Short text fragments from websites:
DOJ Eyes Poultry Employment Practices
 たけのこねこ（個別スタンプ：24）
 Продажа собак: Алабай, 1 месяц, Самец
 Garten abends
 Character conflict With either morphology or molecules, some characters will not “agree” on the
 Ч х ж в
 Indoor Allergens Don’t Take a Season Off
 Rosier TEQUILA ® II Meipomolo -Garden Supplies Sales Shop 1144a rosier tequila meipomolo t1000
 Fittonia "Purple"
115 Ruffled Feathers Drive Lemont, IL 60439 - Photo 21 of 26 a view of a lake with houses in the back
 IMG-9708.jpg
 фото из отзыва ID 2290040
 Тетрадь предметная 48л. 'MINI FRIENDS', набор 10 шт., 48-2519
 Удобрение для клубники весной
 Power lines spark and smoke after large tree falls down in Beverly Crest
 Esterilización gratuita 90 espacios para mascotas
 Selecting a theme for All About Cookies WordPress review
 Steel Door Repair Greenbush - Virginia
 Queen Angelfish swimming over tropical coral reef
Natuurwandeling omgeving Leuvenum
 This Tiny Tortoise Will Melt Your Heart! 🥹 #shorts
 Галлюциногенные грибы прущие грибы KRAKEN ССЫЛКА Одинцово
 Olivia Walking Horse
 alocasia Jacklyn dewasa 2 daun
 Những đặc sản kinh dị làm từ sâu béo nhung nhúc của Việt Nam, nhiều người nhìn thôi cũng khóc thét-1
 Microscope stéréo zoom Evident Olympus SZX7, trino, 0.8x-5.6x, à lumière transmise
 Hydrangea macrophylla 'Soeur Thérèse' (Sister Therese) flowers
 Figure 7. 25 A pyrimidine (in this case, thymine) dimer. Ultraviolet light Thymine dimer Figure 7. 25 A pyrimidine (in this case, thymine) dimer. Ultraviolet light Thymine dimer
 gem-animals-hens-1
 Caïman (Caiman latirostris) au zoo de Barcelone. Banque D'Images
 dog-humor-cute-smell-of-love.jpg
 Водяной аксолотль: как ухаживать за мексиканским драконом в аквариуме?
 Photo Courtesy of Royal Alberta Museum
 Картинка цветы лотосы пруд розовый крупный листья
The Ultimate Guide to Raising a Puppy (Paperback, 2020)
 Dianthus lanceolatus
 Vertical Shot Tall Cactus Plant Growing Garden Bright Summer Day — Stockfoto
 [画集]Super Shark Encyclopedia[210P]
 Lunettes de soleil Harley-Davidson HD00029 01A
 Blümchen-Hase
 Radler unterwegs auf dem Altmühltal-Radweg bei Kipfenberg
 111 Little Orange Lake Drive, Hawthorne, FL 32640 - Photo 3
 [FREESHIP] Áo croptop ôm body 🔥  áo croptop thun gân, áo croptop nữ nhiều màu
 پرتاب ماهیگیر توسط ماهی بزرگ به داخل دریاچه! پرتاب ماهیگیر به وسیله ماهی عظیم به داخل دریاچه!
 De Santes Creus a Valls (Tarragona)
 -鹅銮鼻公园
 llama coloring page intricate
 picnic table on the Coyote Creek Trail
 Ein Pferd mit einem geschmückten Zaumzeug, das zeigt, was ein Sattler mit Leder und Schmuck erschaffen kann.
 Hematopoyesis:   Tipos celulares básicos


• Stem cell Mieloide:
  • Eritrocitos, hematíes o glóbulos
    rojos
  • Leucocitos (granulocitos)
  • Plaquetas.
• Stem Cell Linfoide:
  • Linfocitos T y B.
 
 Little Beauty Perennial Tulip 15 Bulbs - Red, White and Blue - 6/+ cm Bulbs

EXERCISE INSTRUCTIONS
Take the lines above from the one containing "Selecting a theme" to the one containing "[画集]Super Shark Encyclopedia[210P]" and retype them exactly, both ends included, with nothing added.

TASK RESULT
 Selecting a theme for All About Cookies WordPress review
 Steel Door Repair Greenbush - Virginia
 Queen Angelfish swimming over tropical coral reef
Natuurwandeling omgeving Leuvenum
 This Tiny Tortoise Will Melt Your Heart! 🥹 #shorts
 Галлюциногенные грибы прущие грибы KRAKEN ССЫЛКА Одинцово
 Olivia Walking Horse
 alocasia Jacklyn dewasa 2 daun
 Những đặc sản kinh dị làm từ sâu béo nhung nhúc của Việt Nam, nhiều người nhìn thôi cũng khóc thét-1
 Microscope stéréo zoom Evident Olympus SZX7, trino, 0.8x-5.6x, à lumière transmise
 Hydrangea macrophylla 'Soeur Thérèse' (Sister Therese) flowers
 Figure 7. 25 A pyrimidine (in this case, thymine) dimer. Ultraviolet light Thymine dimer Figure 7. 25 A pyrimidine (in this case, thymine) dimer. Ultraviolet light Thymine dimer
 gem-animals-hens-1
 Caïman (Caiman latirostris) au zoo de Barcelone. Banque D'Images
 dog-humor-cute-smell-of-love.jpg
 Водяной аксолотль: как ухаживать за мексиканским драконом в аквариуме?
 Photo Courtesy of Royal Alberta Museum
 Картинка цветы лотосы пруд розовый крупный листья
The Ultimate Guide to Raising a Puppy (Paperback, 2020)
 Dianthus lanceolatus
 Vertical Shot Tall Cactus Plant Growing Garden Bright Summer Day — Stockfoto
 [画集]Super Shark Encyclopedia[210P]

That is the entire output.